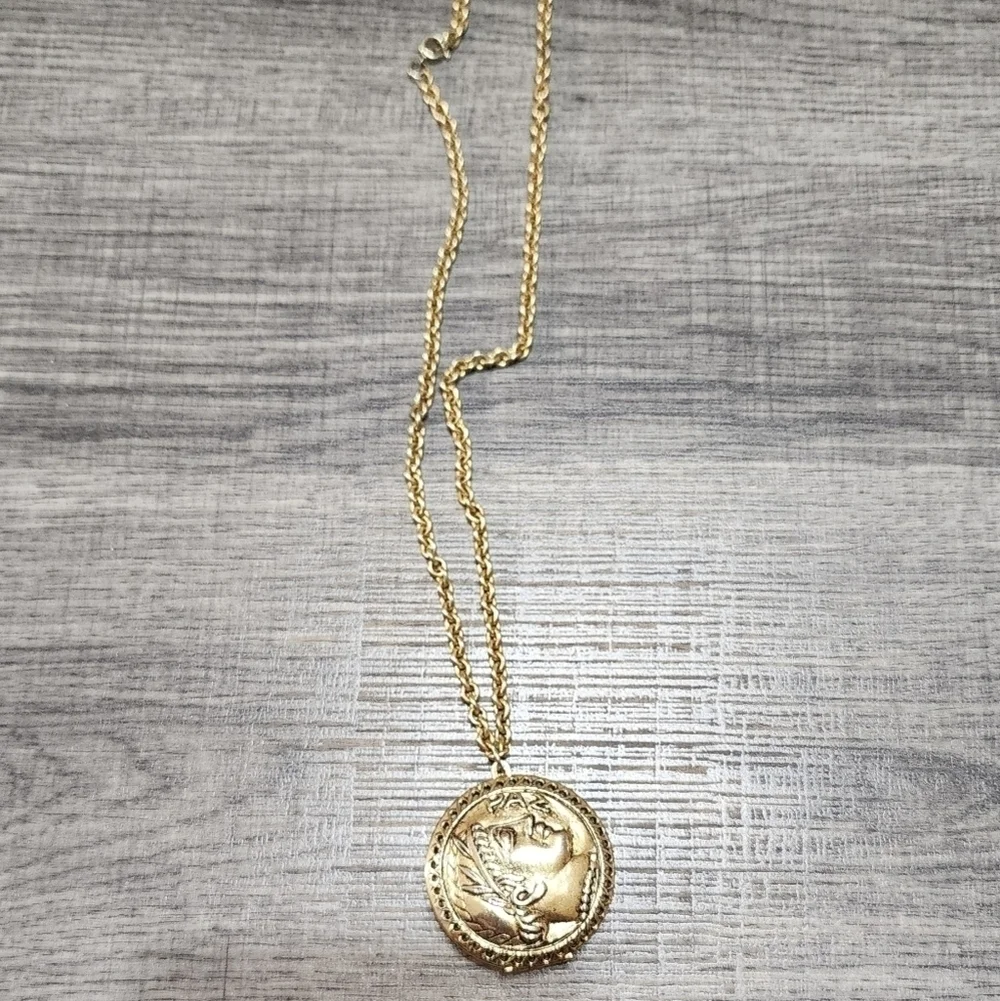 Vintage Roman Solider Coin Style Pendant Necklace, Gold Tone Locket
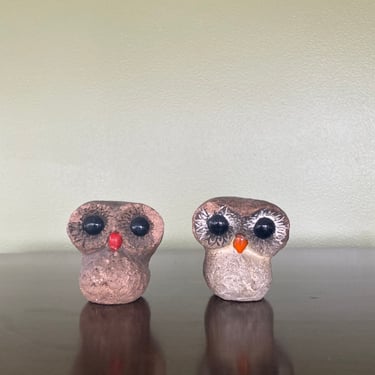 Dane Burr pair of Owls, Mid-Century Modern Pottery Piece, Studio Art Ceramic, Vintage Ceramic Owl, Mid-Century Animal 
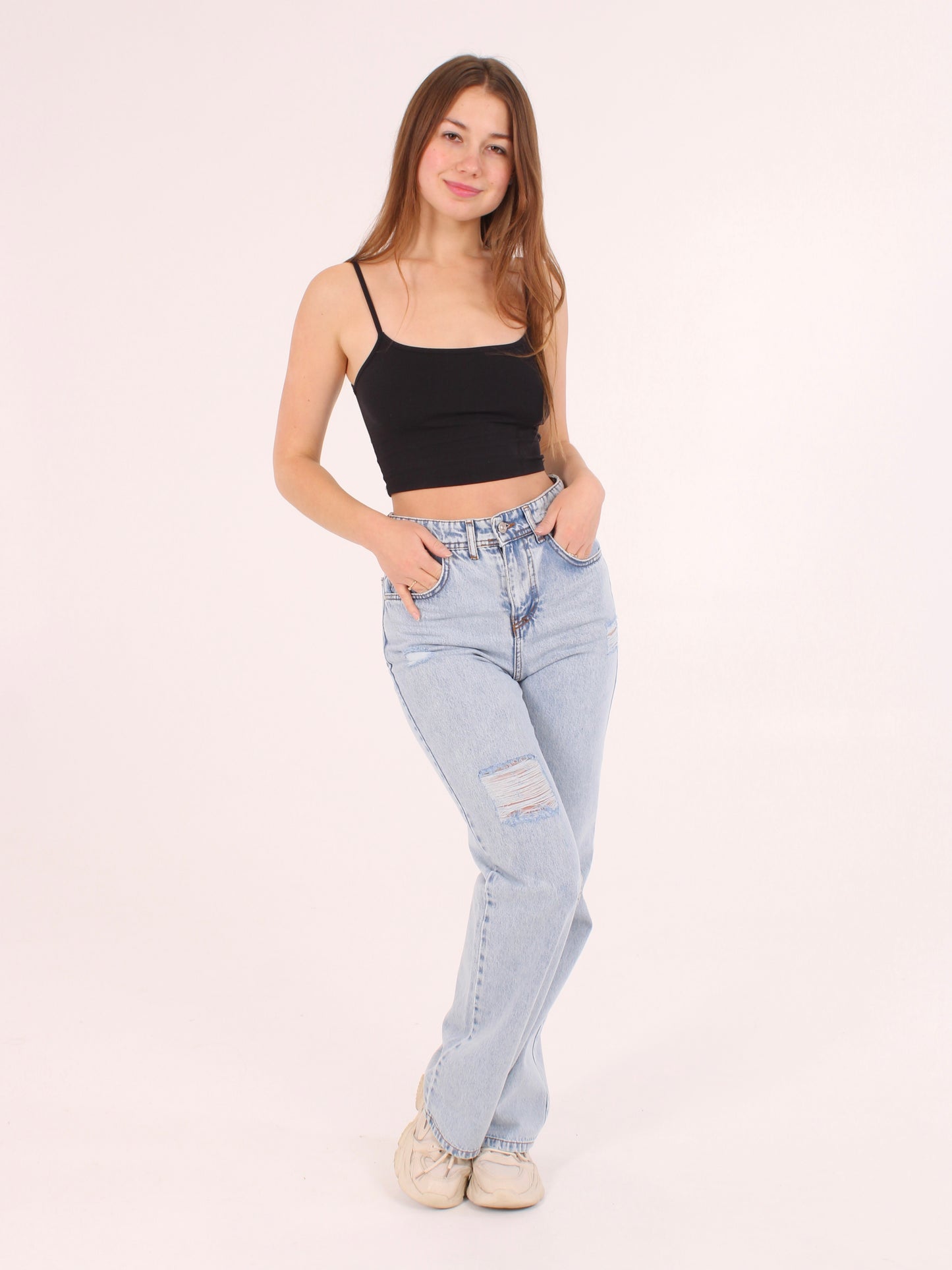 Ocean Blue Ripped Anna Straight Leg Full Length Jeans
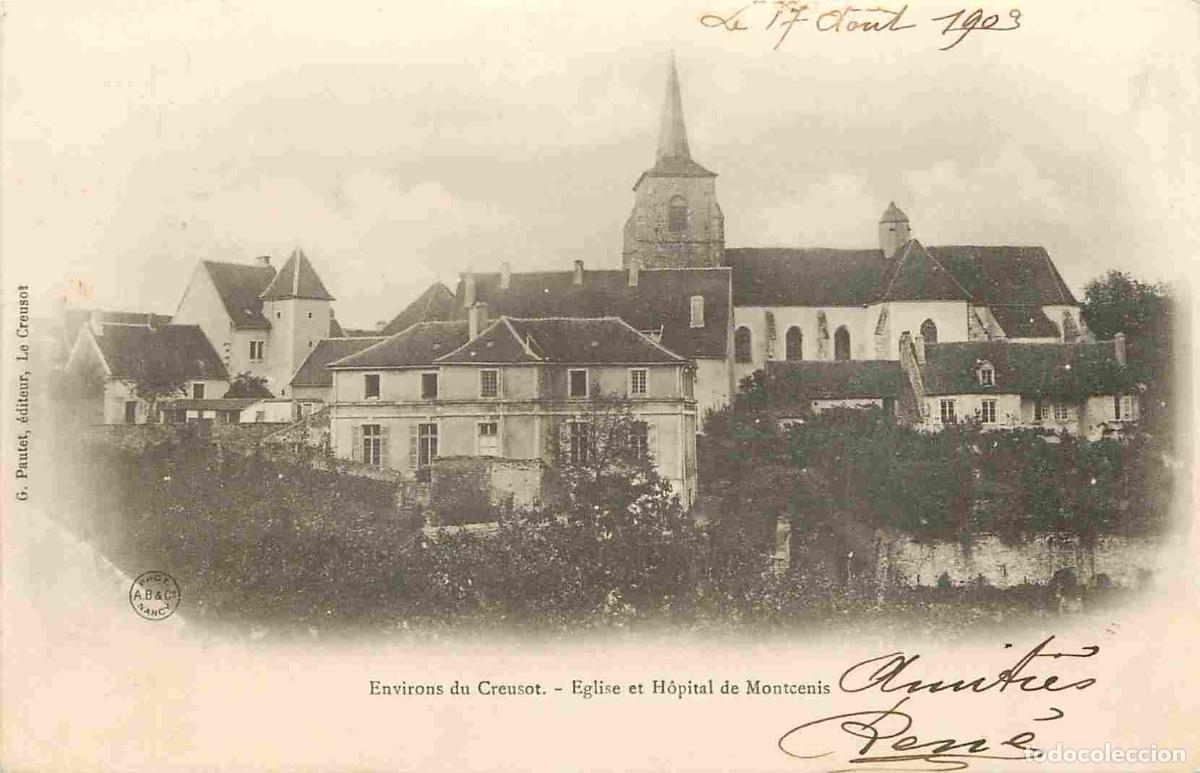 Postais: France - 71 - Montcenis - Environs du Creusot - Eglise et Hopital de Montcenis - Pr&eacute;curseur - CPA -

-.-.-

§ **INSTRUCTIONS TO FOLLOW**
Print, exactly as written, the lines from the one containing "Ocean Blue Ripped" to the end of the material, both ends included, and nothing else; no pictures.

§ **ANSWER SPACE**
 Ocean Blue Ripped Anna Straight Leg Full Length Jeans
 Postais: France - 71 - Montcenis - Environs du Creusot - Eglise et Hopital de Montcenis - Pr&eacute;curseur - CPA -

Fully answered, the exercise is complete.